What’s happening with Nadine right now (and the part she looks to play in Flagg’s endgame) is very different than how things play out in the novel. It’s also incredibly interesting. While her literary counterpart may have made a better conduit to show us how truly evil Flagg is, this version helps reinforce that while also creating a completely new and terrifying wrinkle in the narrative.
On the flip side of that, Trashcan Man has been reduced to a cartoonish plot device dressed like a Master Blaster cosplay gone horribly wrong. I don’t blame Ezra Miller, who’s doing everything they can with a character who’s entire backstory (including how he got his name) has been omitted. This isn’t a book purity complaint, though. A backstory completely different from the one in Stephen King’s novel would still be a monumental improvement. As it stands now, however, there’s no rhyme or reason to Trashcan Man’s behavior/abilities or Flagg’s trust in him to complete such an important task.
Thankfully, this episode of The Stand once again gets a fantastic slate of performances from its cast, particularly Owen Teague as Harold. There’s honestly a part of me that’s worried about the series continuing to be enjoyable without him.
Thankfully, the group heading to New Vegas had much better chemistry than I was expecting (and a dog, which is always a plus). Larry (Jevon Adepo) deftly toes the line between expressinghis (and the audience’s) skepticism without being too cynical.
I knew it would be fun seeing Stu, Larry, and Glen interact, but was surprised how much I liked Ray (Irene Bedard).

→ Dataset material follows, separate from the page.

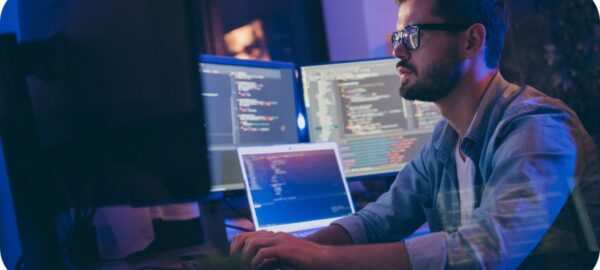 6 Common MFA Mistakes Made by Enterprises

Maybe it was simply a matter of giving her more screen time or getting her away from Mother Abagail’s house, but my previous ambivalence about her character has morphed into complete investment.
There were also a couple moments that almost took me out of the story.
I appreciate what they were trying to show with Flagg revealing his true form, it was more bizarre than horrifying. Skarsgård has done more than enough to show us how monstrous the Dark Man is without a questionable makeup/costuming decision.
It’s also worth nothing that despite the new ending King has written, it still doesn’t feel right having Frannie on the sidelines at this point in the narrative.
All that being said, this episode was a significant improvement over last week’s. Let’s hope that momentum continues without tripping over Trashcan Man’s oversized boots.